Book Review: The Half Mother
Haleema and Ab Jaan are a family of two – a close unit of a father and daughter. With Haleema’s mom’s passing, Haleema is forced to drop out of school and help her father out. When she is of marriageable age, Ab Jaan marries her off to a doctor’s help, only to be divorced within three months. But then, the marriage yields her her love – Imran, a son who is obedient and a brilliant student. He steps up to help the family out when Haleema is inflicted with Bronchitis, yet manages to study well enough to score good marks. Just when Haleema is settled in her happy life, a nightmare strikes, first taking her father away and then taking her son away. Wrought with fear and sorrow, she starts searching for her son. She becomes decisive that she won’t rest till she finds her son and with tears of sorrow, she continues to search for her son all her life, never giving up. Will she find her son is what the plot is all about.

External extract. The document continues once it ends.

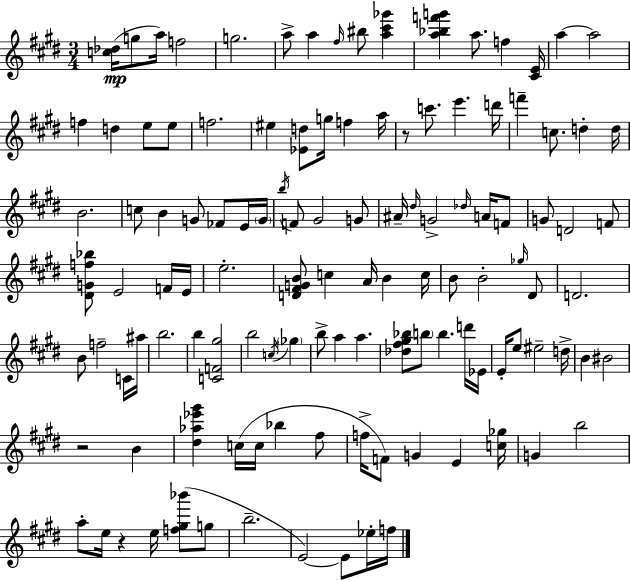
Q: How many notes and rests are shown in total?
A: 118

This book is a interesting read that brings into light the appalling state of mysterious disappearances that has been happening since the late 1980s in Kashmir. It was news to me to read about the atrocities being committed in Kashmir. Like most Indians, I have chosen a side that treated India – a saint but this book makes me question my choice. Kudos to the author to have brought this issue to the limelight.

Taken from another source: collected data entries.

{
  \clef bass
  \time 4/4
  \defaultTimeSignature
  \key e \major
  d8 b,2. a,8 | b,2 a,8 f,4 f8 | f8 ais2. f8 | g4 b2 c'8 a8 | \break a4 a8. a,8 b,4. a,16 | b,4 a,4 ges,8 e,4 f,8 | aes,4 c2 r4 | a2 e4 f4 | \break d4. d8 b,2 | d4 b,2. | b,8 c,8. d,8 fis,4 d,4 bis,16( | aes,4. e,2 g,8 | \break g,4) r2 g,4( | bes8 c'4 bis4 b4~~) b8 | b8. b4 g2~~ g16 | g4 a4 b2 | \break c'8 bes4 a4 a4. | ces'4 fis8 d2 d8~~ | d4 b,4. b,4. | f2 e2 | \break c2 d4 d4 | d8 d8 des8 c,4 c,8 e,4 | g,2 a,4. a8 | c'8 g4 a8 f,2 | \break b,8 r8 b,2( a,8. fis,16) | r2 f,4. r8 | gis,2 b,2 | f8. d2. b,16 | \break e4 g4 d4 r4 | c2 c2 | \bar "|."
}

Many things in this book are plainly endearing. The little songs Haleema sings for her son, the effortless blend of reality with fiction, the relationship of the trio – Haleema, Ab Jaan and Imraan etc. are a huge advantage for the book. The description of Haleema’s struggles for her son is truly heart wrenching and you seriously start wishing that at least now, after all the sufferings, she gets some happiness. The author writes seamlessly and effortlessly and the narration is simple yet it paints a picture of sorrow filled beauty. You read about Haleema and you reach the pain of not one but thousands of mothers’ suffering in the same manner. Another thing to appreciate is the author’s boldness in bringing out the harsh reality to his readers in a contrite yet mildly accusatory voice.
The only thing that didn’t work for me was that the story took an unexpected turn, not to my liking but that is truly no reason to judge a book. On the whole, this book is a definite read if you want a gleam of the deteriorating life in Kashmir.